As she later explained, “The traditional roles in our family were often reversed: he allowed me to be the boss in most things, perhaps as compensation for his overly ‘masculine’ work.”

But she could always sense that he had another side of him, very hard, which he tried not to show her and which, she said, “turned on in extraordinary situations, like the auxiliary shift in a four-wheel drive.” He would leave to her all decisions about their apartment renovation, yet when he planned their escape from Russia, she did not have a hint of what was going on until the very last moment; he took it all upon himself, and when he finally told her about it there was no point in arguing, and no time to try.

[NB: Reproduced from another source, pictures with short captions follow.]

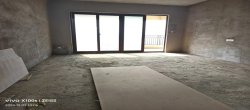 东城首府  5室2厅2卫   128.00万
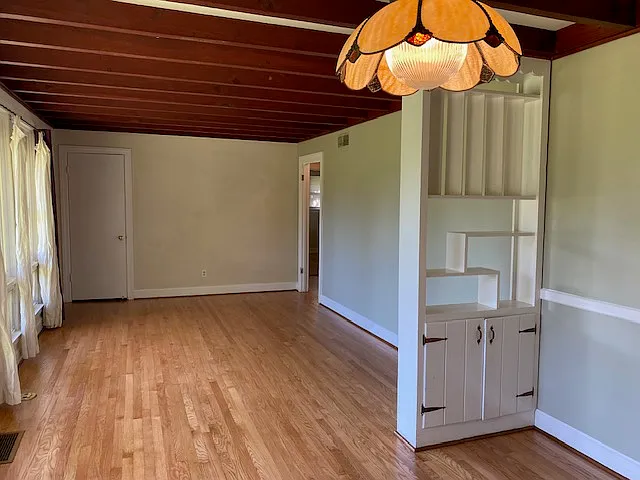 472 Manley Dr — Photo 20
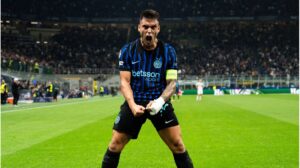 Lautaro Martínez im Trikot von Inter Mailand jubelt nach einem Tor auf dem Spielfeld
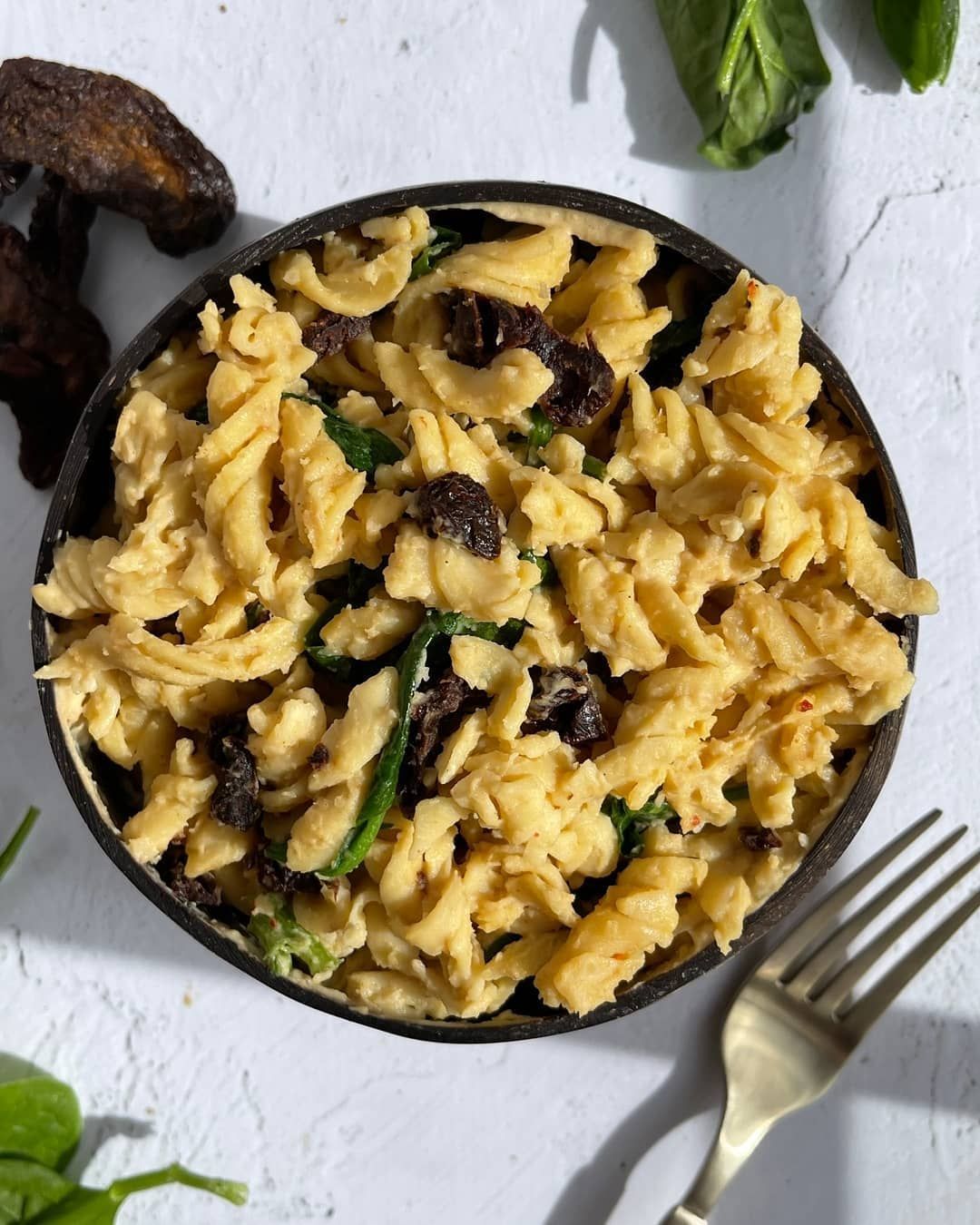 Hummus Pasta with Spinach and Sun-Dried Tomatoes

The first time she saw the other side of him was when she went to a driving school not long after he had moved in. As the classes came to an end, the instructor announced that those who did not
want to bother taking the actual driving test could bring in $200 and give it to him “for the cops,” and then drop by the school to pick up their license soon thereafter. Marina was a pretty good driver and she decided to take the test. The traffic patrolman flunked her deliberately. He made it clear that she should pay up, or flunk continuously. As he put it, “The next test is in a week, lady. Now, it seems, we’ll be driving around once a week.”

In a panic, Marina ran to the school. The instructor, shaking his head sadly, said, “You’re not in the group anymore, so it will be $300 now.”

Sasha was infuriated. “Do you really think that I fight corruption day and night for you to pay bribes to those cops?”

He went with her to the next test, called the traffic patrolman aside, said a few quiet words to him, flashed his FSB card, and gave him a look that Marina had never seen before. The cop blanched and couldn’t think of anything better than to offer to pass her without even bothering with the test. Sasha grew even angrier, snapping, “I’ll stay in the car and we’ll test her together. If she passes, she passes, if she doesn’t, she’ll be back.”

After the test, Sasha instantly switched back to his normal, easy-going, boyish self, smiling and slapping the patrolman on the back. Marina never forgot that look. She was not afraid of it; she was glad to have it at her disposal, “just in case.”